Sentence terminating punctuation should always appear within an enclosing
set of <s> and </s> tags:
- <s><q rend=it>Eureka!</q> he
shouted.</s>
- <s>The dark-haired girl behind <name
type=person>Winston</name> had begun crying out <q rend="PRE
lsquo POST rsquo">Swine! Swine!
Swine!</q></s>
Because tokenizers typically treat text within tags such as
<hi> and <foreign> independently of punctuation, which can appear either
inside or outside the closing tag without effect. Therefore, given this
text:
She ordered a croque monsieur. ["croque monsieur" in italics]
either of the two following encodings is in principle acceptable, although the first one is to be preferred and should be used in TUSNELDA corpora:
She ordered a <foreign rend="it">croque
monsieur</foreign>.
She ordered a <foreign rend="it">croque
monsieur.</foreign>
For fruitful discussions, we would like to thank the participants of
the TUSNELDA standardization workshop, Michael Betsch, Bernhard
Brehmer, Hervé Dejean, Sam Featherston, Gabriela Fulir,
Stefanie Herrmann, Sandra Kübler, Lothar Lemnitzer, Jürgen
Mellinger, Detmar Meurers, Frank Henrik Müller, Reimar
Müller, Slavica Stevanovic and Tylman Ule.

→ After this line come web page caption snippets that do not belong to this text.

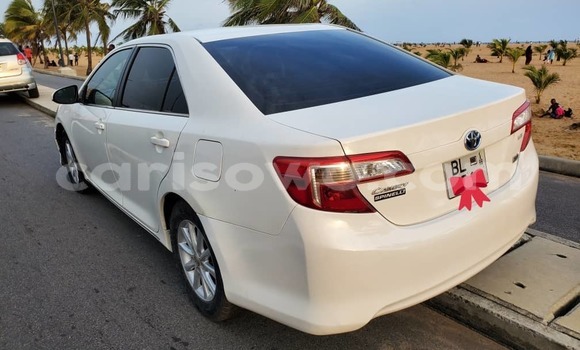 Ra Àlòkù Toyota Camry funfun Ọkọ̀ in Cotonou ni Benin Ra Àlòkù Toyota Camry funfun Ọkọ̀ in Cotonou ni Benin
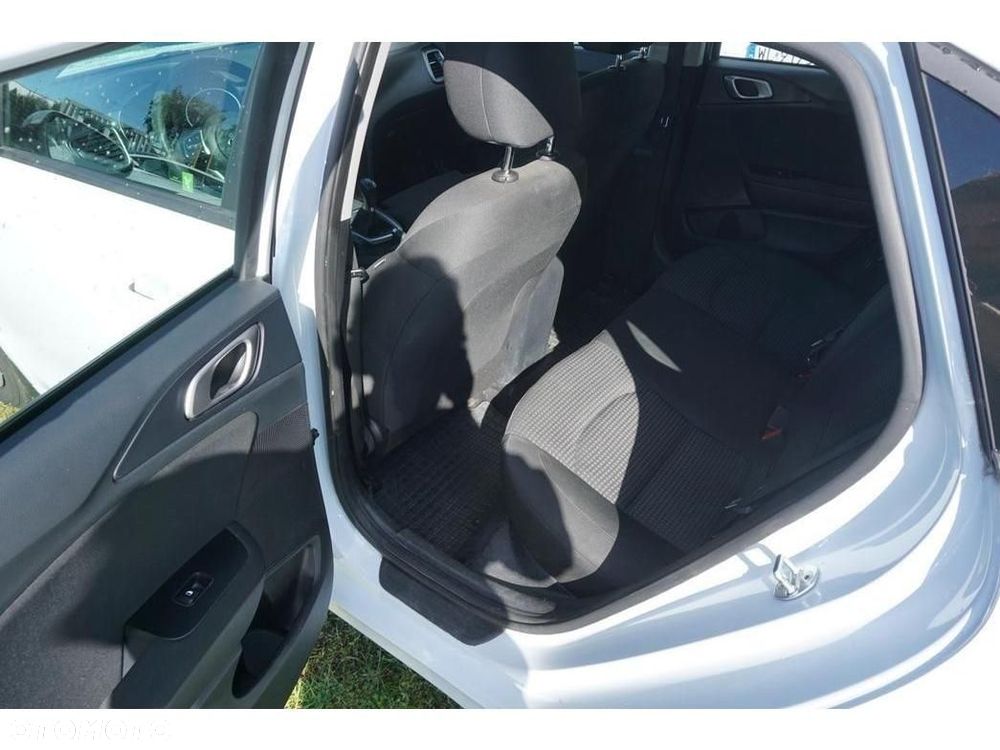 Kia Ceed - 23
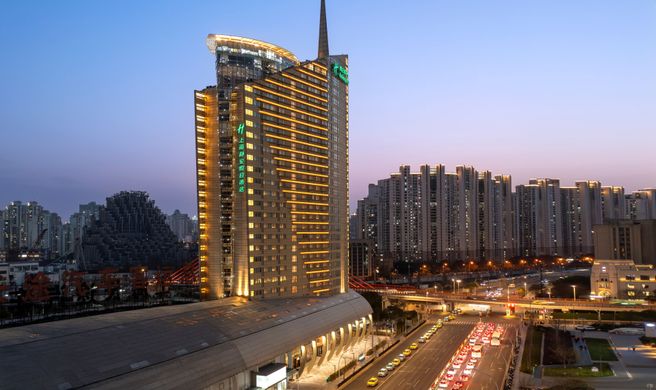 Holiday Inn Express Zhabei Exterior
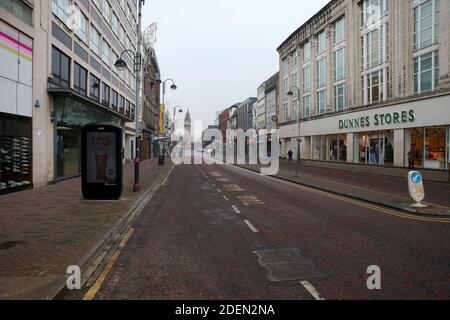 Belfast : des rues vides à la veille de la photo de Noël Mal McCann Banque D'Images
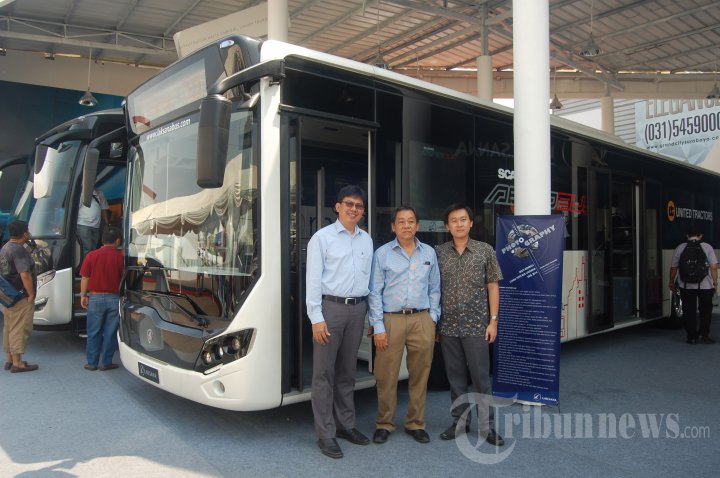 Bus Apron Bandara Scania Aerobus di IIMS 2014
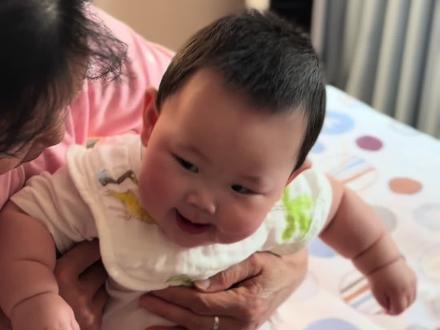 好消息:听《鲁冰花》不哭
坏消息:听乌兰巴托的夜也不哭了
总结:我改天晚上再唱一遍看她哭不哭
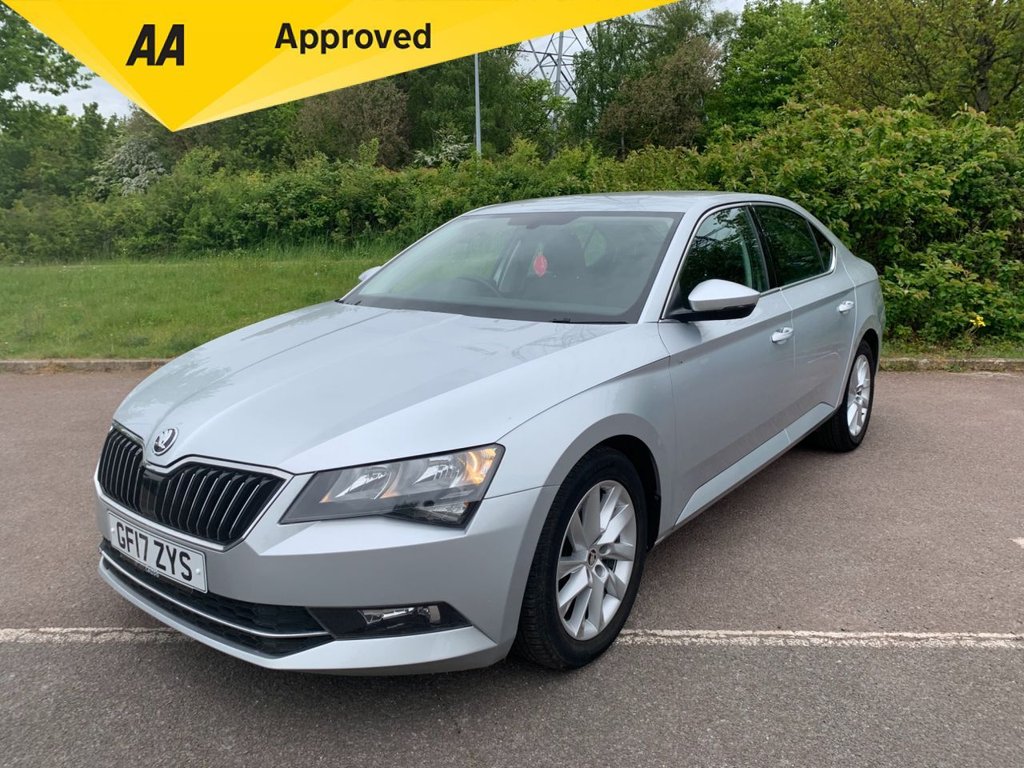 View our SKODA SUPERB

Furthermore, we want to emphasize that the TUSNELDA corpus
annotation standard owes a lot both to the EAGLES corpus encoding
standard (CES) and to Text Encoding Initiative (TEI). Most parts of
the TUSNELDA standard are adaptions of either CES or TEI to the needs
of the projects in SFB 441.
Finally, we also want to mention that the CES guidelines were very
helpful when writing the TUSNELDA guidelines. Since the structures of
CES and TUSNELDA are very similar, for our guidelines, many parts were
just taken over in a modified version from the CES guidelines.
Laura
Kallmeyer, Roland
Meyer and
Andreas Wagner, 09/11/2001. Reviewed 03/09/2009.